# Banded Pigeon Found, Lancaster California



## Drunkenmimes (Sep 21, 2016)

Found this cute pigeon in our garage and it hasn't flown away (2 days now) it just moves around our garage and driveway.

I know nothing of birds.

Has an orange band on its leg that reads 7128 CSRA 2016

He splashes in a dish of water I gave him.

I have a relentlessly hunting cat!

I've called several animal rescue/sanctuary/veterinary places and the ones who do answer, they say they don't deal with pigeons or try to direct me somewhere else.

A long convo with one guy who said he thinks this probably isn't a 'racing' pigeon but from a "roller" club?

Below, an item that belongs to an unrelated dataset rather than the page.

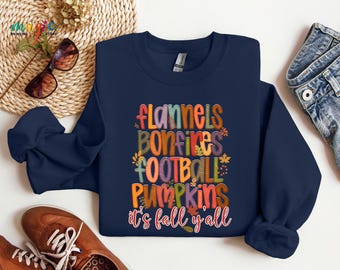 Retro Football Pumpkins Sweatshirt, It's Fall Y'all Autumn Vibes Sweater, Touchdown Hoodie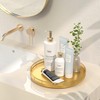12" Gold Lazy Susan for Table Top, Oak Wood Lazy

Can someone in the Antelope Valley Lancaster/Palmdale area save this cute lil bird??


----------



## Jay3 (May 4, 2008)

Yes, cute little guy does look like a roller. I hope you are feeding him bird seed. He won't know how to find food on his own and will starve if left to his own devices. Can you put him in a cage for now so he will be safe. Any predator could grab him. Does he seem ill or injured? He could have gotten lost, as they don't have a great homing sense. Could have been scared off by a hawk and gotten lost. His loft may be quite near by.
CSRA could be California Spinning Roller Association. But couldn't find more info on them.
If you go to rollerpigeon.com, maybe someone on there could direct you as to where that club is. Here's the link for that.
http://www.roller-pigeon.com/clubdirectory.html


----------



## Drunkenmimes (Sep 21, 2016)

I wonder if he did fly away, cuz I can't find him out there now. If he's still out there tomorrow I'll get some birdseed. There is someone who posts in the forum you linked to with the user name "CSRA," but it would not let me register or guest post when I tried.


----------



## cwebster (Dec 11, 2010)

If you see him tomorrow please safely cage him as Jay3 suggested and try the phone and email addresses in the link Jay posted. He is a lovely domestic bird who needs people to survive. Thanks! If I lived closer to you I'd be happy to help out.


----------